With nearly 10 million timeshare owners in the U.S. and annual revenues topping $10 billion, vacation ownership is clearly an enormous business. And Florida is one of the leading states in terms of the number of timeshare and the fact that several of the largest timeshare companies have their headquarters in the state.


For many timeshare owners, however, ineffective estate planning – or no estate planning at all – leaves their heirs with an expensive and aggravating mess figuring out what to do with the decedent’s timeshare when they pass. Mainly, this is because owners often think of their timeshare as personal property, like a car or boat, instead of what it really is – deeded real estate.


Indeed, for most timeshare developers, part of the sales pitch is that the owner can pass their ownership onto their children when they die, which is true. However, because it’s legally considered real estate, the only way ownership can transfer from one person to another is via a deed or court order.


Timeshare’s probate problem


So, what happens when a timeshare owner passes without addressing their ownership in their estate planning? Like the overwhelming majority of timeshares, it ends up in probate. And the probate process is not only expensive and time-consuming, it means creditors see it as an asset and can pursue it to settle any debts against the estate.


Furthermore, in Florida, any probate administration involving a Florida-based timeshare must take place in Florida, regardless of where the owner or the heirs live. That can add even more complexity, more aggravation, and more expense to the process. And while there are ways to legally refuse or disclaim an inherited timeshare, that is also a complicated, paperwork-heavy process that will likely require the assistance of an estate planning attorney.
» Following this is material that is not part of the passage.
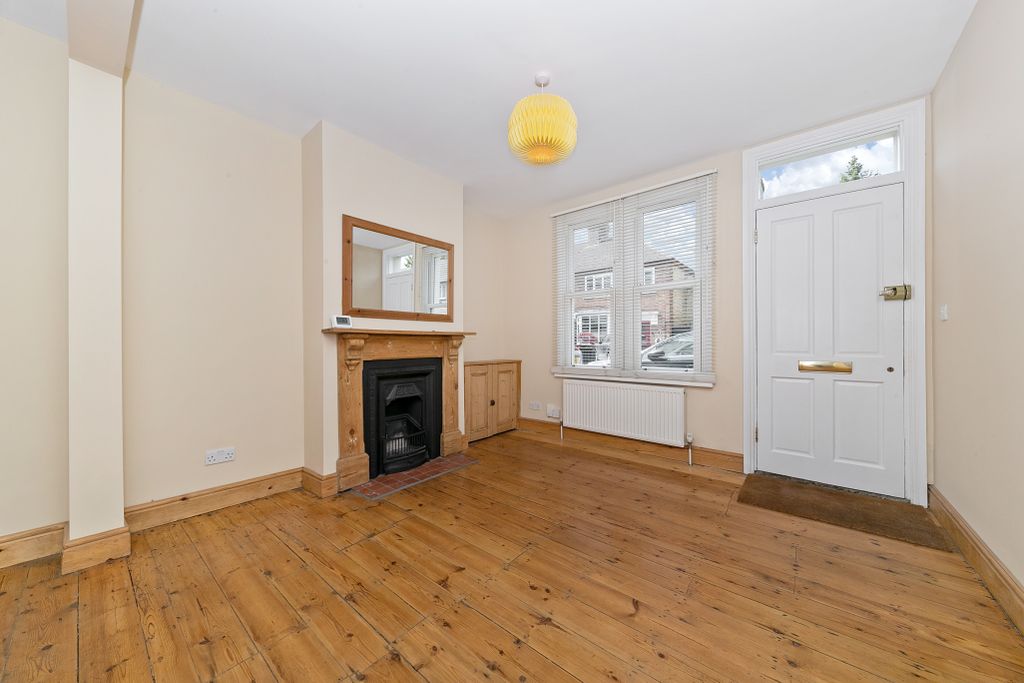 Property photo 2 of 17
Instead, a more effective course of action is to avoid probate entirely and include your timeshare interest in your estate planning, treating it like the deeded real estate that it is. This can be accomplished in one of two ways:

  1. Distribution through a trust. With a living trust, you can transfer assets into the trust and continue to have access to them. The assets are then distributed directly to your beneficiaries after your death, bypassing probate entirely. By placing your deeded timeshare into your trust, ownership will go to your heirs smoothly without having to hire an attorney and go through a court proceeding.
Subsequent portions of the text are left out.